■ MATERIAL FOR THIS EXERCISE:
-*-
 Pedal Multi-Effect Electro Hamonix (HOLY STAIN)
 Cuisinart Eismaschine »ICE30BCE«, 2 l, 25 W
-*-
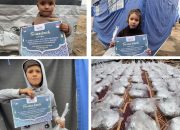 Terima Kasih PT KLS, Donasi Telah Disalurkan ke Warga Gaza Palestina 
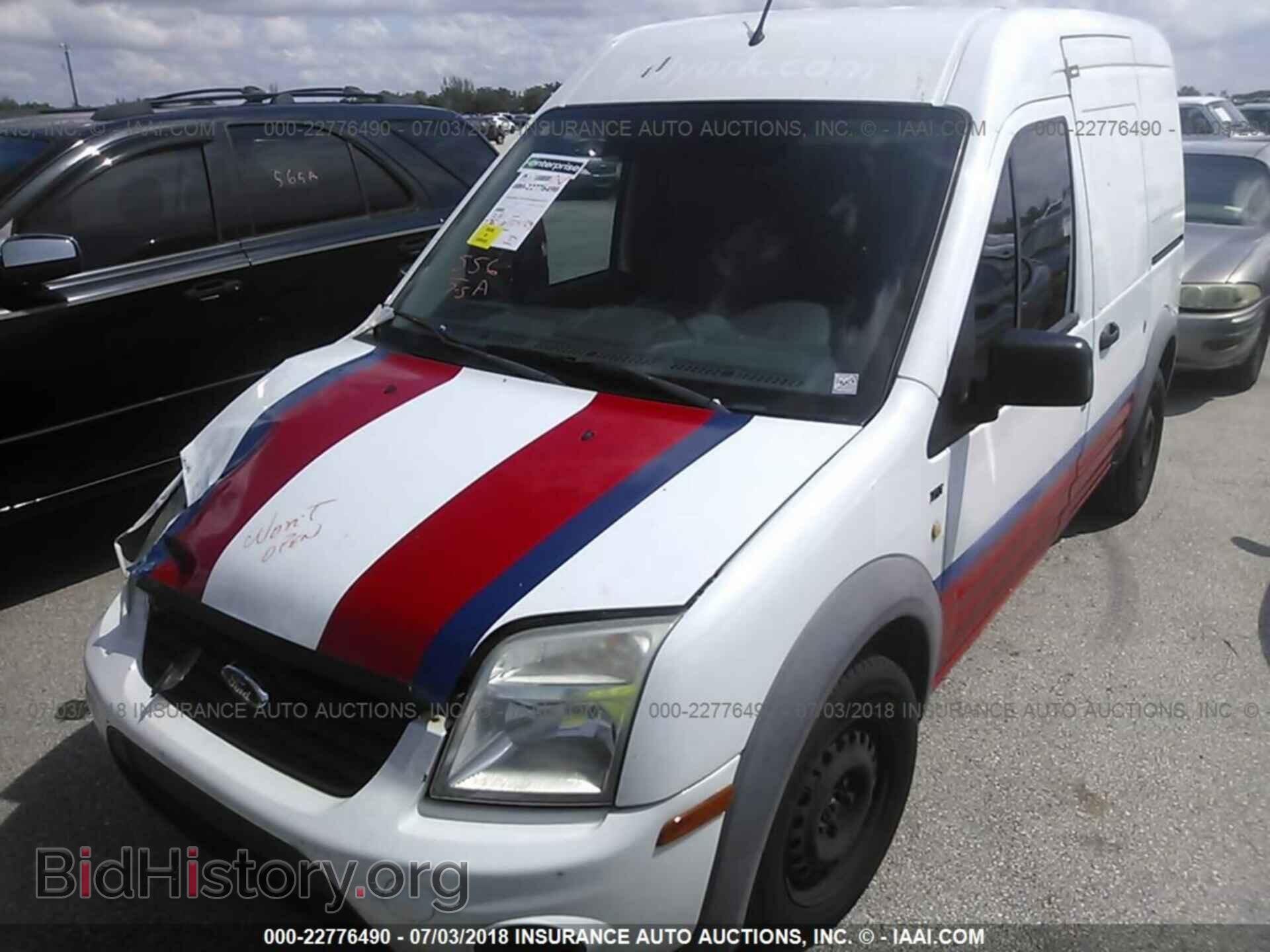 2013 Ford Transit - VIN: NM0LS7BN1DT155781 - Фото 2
-*-
■ TASK TO COMPLETE: Using the records above, print exactly the lines between the ones containing "Terima Kasih PT" and "2013 Ford Transit", inclusive, and nothing else; no pictures.

■ TASK OUTPUT:
 Terima Kasih PT KLS, Donasi Telah Disalurkan ke Warga Gaza Palestina 
 2013 Ford Transit - VIN: NM0LS7BN1DT155781 - Фото 2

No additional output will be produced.